During my recent trip to London (pictures soon), I was struck how Parliament’s House of Lords still had some hereditary peers who held their office for life. Granted, the House of Lords has no real power, and the number of hereditary peers is limited, but the idea that the aristocracy still has some sort of ceremonial authority is stunning. (Thankfully, our Constitution bans officeholders from possessing such titles of nobility). Another vestige of this aristocracy is the Primogeniture.
Though it has been abolished in the United States for over two centuries, it still has some effect in the UK among the aristocracy:
The practice of primogeniture — in which titles and estates pass only to male heirs, even negligibly related ones excavated from other continents — may seem as outrageous and antediluvian as denying women the vote, but it is still the law of the land for the aristocracy in Britain.

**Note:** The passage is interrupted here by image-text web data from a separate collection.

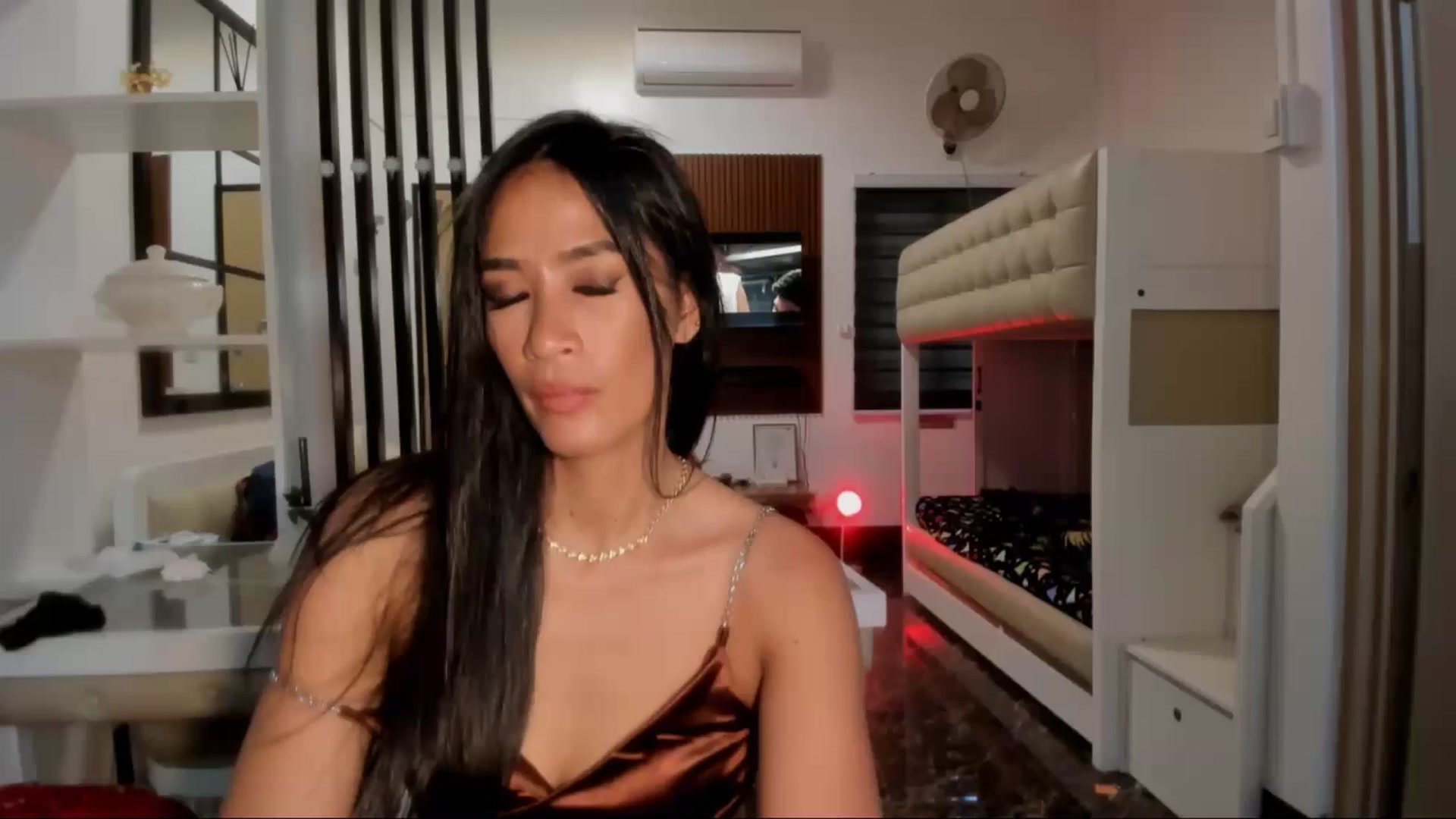 Gallery image thumbnail from ARealGoddessX's myfreecams stream on, 03/18/2025, 08:31 image 20 of 20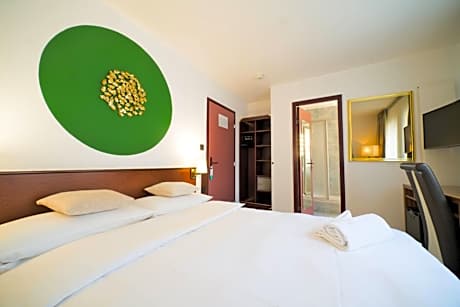 Deluxe Single Room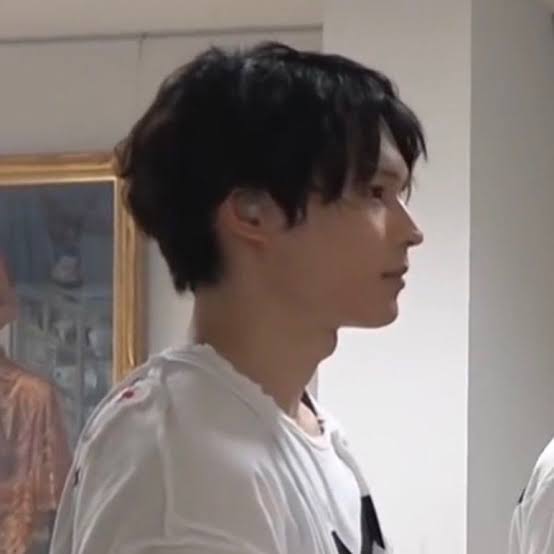 ジャニーズの横顔の画像を貼ってくトピ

Until recently there has been little appetite to change the law, a reflection in part of Britain’s inability to decide, finally, whether its aristocracy is an essential part of its identity, a quaint vestige of the past or a bit of both.
“The posh aspect of it blinds people to what is essentially sexism in a privileged minority, where girls are born less than boys,” Ms. Campbell said.
But the issue has been percolating through Parliament since the recent passage of a law allowing the monarchy to be passed on to the monarch’s firstborn child, regardless of sex (this means that William and Kate’s impending baby will become the third in line to the throne, whether it is a boy or a girl). New legislative proposals would allow peerages — basically, inherited titles and the estates that can come with them — to be passed on this way, too, to the oldest child rather than the oldest son.
Amazing that this rubbish still exists in the year 2013.